### Entries supplied:
..............................
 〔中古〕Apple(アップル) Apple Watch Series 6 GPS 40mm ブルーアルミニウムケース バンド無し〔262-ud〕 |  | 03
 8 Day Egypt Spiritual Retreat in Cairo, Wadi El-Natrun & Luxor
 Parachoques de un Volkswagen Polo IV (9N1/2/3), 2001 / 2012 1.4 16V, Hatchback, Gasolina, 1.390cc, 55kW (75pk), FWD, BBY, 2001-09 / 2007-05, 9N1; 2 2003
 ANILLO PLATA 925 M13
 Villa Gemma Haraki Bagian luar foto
..............................
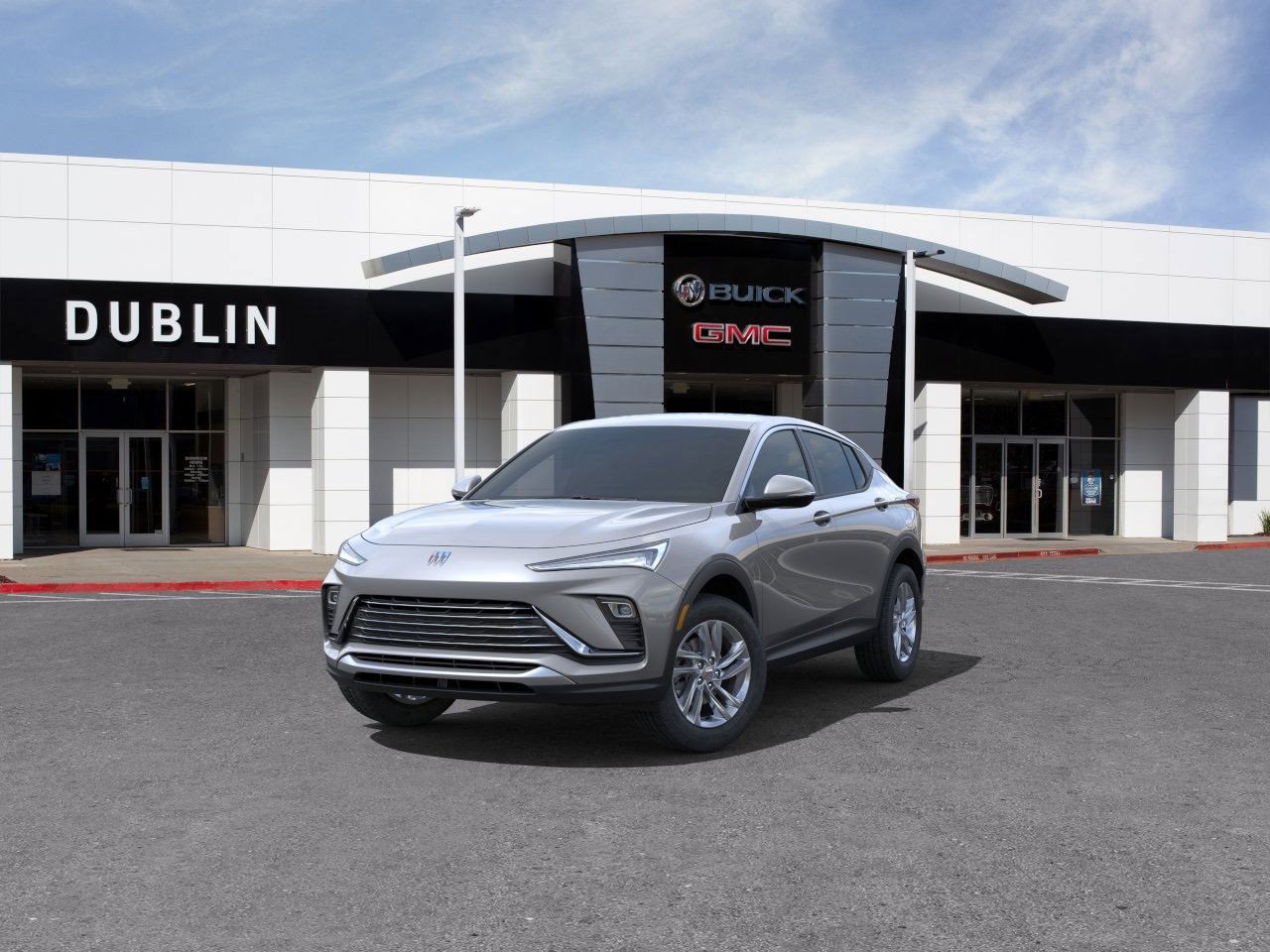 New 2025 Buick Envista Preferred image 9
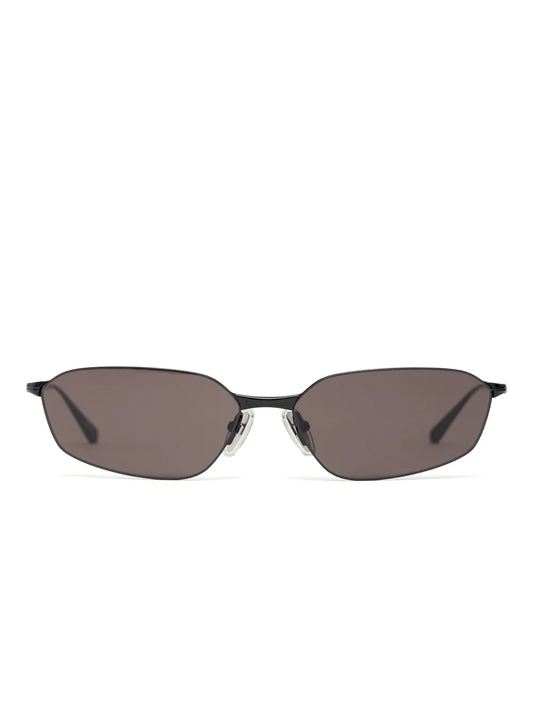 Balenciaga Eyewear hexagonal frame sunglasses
..............................
The range runs from the line with "ANILLO PLATA 925 M13" up to and including the line with "Villa Gemma Haraki Bagian luar foto" in the listing above; please write out exactly those lines and nothing more.

 ANILLO PLATA 925 M13
 Villa Gemma Haraki Bagian luar foto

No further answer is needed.